Runway focuses on late and growth-stage companies with a clear path to profitability in technology, life sciences/healthcare and select consumer product and service industries (rather than any specific geography or region). The venture landscape across these verticals has experienced significant shifts in the past few years, which reflect broader changes in the startup ecosystem.
The technology sector, while still a major focus for VC investment, has faced some recalibration. Investors are becoming more cautious, pulling back from the hyperactive funding cycles of previous years. In our view, this shift is partly due to a reevaluation of AI and other emerging technologies, as well as a general reassessment of risk and reward expectations.

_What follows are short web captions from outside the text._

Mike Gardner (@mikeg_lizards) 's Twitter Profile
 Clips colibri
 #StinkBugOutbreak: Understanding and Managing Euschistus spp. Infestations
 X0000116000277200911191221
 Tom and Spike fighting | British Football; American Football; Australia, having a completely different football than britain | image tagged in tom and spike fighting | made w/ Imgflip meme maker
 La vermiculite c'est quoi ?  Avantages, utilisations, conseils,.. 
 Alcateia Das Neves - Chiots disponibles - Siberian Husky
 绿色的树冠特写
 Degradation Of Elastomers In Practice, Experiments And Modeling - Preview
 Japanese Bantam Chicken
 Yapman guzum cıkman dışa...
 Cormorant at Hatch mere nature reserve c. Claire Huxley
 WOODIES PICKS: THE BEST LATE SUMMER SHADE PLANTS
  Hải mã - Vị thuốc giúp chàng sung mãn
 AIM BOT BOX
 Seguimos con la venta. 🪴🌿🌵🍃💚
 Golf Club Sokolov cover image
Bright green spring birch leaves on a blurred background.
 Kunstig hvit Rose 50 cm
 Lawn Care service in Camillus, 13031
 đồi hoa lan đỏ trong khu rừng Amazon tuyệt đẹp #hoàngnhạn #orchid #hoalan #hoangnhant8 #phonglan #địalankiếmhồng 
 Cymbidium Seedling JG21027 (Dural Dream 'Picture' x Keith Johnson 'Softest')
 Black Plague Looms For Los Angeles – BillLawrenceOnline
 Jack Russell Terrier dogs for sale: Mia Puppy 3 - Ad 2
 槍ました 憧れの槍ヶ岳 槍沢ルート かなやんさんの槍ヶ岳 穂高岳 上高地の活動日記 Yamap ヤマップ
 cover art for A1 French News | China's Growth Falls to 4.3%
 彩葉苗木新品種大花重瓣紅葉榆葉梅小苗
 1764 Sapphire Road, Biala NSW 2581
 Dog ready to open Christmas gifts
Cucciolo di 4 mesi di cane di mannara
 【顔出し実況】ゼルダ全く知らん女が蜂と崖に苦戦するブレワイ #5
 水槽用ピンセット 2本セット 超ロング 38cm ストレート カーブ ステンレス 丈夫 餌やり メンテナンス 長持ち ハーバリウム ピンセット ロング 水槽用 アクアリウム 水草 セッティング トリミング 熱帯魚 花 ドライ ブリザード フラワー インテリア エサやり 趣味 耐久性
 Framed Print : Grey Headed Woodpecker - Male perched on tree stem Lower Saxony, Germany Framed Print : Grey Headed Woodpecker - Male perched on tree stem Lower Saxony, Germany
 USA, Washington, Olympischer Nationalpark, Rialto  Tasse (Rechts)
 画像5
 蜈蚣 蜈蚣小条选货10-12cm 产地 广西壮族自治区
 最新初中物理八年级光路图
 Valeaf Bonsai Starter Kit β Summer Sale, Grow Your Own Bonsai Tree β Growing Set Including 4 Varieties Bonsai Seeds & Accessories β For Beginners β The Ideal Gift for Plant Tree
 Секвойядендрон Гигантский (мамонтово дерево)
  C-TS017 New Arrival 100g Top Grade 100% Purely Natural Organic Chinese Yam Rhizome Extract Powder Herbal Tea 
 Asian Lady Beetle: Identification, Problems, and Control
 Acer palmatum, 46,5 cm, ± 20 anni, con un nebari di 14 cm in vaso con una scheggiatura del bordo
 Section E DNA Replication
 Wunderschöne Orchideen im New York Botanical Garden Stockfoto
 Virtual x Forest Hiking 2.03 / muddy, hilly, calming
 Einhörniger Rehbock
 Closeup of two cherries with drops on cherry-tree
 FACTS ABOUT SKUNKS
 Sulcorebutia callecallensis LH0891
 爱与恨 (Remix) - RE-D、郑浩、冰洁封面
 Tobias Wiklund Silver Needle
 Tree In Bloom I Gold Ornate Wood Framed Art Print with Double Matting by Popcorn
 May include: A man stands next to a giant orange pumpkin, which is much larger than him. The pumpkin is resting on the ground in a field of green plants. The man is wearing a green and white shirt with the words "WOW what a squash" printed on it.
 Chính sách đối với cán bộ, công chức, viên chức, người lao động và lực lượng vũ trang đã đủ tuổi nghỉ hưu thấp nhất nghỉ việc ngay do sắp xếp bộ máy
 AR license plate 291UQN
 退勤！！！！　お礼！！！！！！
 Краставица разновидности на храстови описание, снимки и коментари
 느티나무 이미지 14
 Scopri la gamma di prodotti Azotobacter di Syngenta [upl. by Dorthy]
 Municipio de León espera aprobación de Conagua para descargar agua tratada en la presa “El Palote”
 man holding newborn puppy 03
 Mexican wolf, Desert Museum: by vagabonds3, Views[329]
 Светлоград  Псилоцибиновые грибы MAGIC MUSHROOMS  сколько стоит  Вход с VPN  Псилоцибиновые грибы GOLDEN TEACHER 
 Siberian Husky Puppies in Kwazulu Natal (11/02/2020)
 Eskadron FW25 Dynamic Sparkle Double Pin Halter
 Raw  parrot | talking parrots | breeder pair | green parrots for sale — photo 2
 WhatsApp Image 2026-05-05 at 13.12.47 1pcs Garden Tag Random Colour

Nonetheless, technology companies with strong fundamentals and clear paths to profitability continue to secure significant funding.
In life sciences/healthcare, we’ve seen a surge in investment driven by advancements in biotech and healthcare technologies. Companies with strong clinical pipelines and innovative solutions are attracting substantial funding, as investors recognize the potential for high returns and societal impact. Despite some economic headwinds, the life sciences and healthcare sectors remain robust, with a steady influx of capital supporting groundbreaking research and development.
In the consumer sector, there has been a notable rise in investment activity, particularly for companies that demonstrate resilience and adaptability in changing market conditions. Businesses that have successfully navigated the challenges of the past few years are showing strong growth potential and profitability.
In our opinion, the overall market is currently focusing on sustainable growth and profitability, and in this environment specifically, we expect companies to continue to seek minimally dilutive capital to extend runway and supplement equity. Runway’s strategy aligns with these trends, as we continue to support late-stage companies in tech, life sciences/healthcare and consumer sectors that exhibit strong performance in these verticals.
What are the benefits of being an NVCA member?
Being a member of the NVCA provides numerous benefits, particularly in terms of advocacy, networking, and education.
First and foremost, NVCA plays a crucial role in representing the interests of the venture capital community in Washington, D.C. The association advocates for policies that support entrepreneurship and encourage innovation, which are critical as we navigate complex regulatory and economic environments. This advocacy ensures that the interests of venture firms and the companies they invest in are considered in policy making.
Networking is another significant benefit. NVCA events and meetings are invaluable opportunities for connecting with other professionals in the venture capital space. These interactions facilitate the exchange of ideas, strategies, and insights essential for staying ahead in a competitive and rapidly evolving industry.
Lastly, NVCA provides extensive resources and educational programs that help venture firms excel in their practice. Whether it’s data insights, industry reports, or professional development workshops, these resources are designed to enhance the operational effectiveness and strategic thinking of its members.
Overall, in our opinion, being a part of the NVCA means being at the forefront of the venture community, where we can collectively drive growth, innovation, and success across the industries with which we work.
What’s ahead for your firm?
Moving forward, we aim to continue our mission of supporting passionate entrepreneurs in building great businesses and educating founders and investors about the key advantages and strategic benefits of venture debt.
Partnering with companies poised to benefit from our work is our priority, and we’re dedicated to helping as many companies as possible achieve great success. Ultimately, we’d like to challenge the IPO market by providing late-stage companies with capital that is significantly more attractive than funding from the public markets.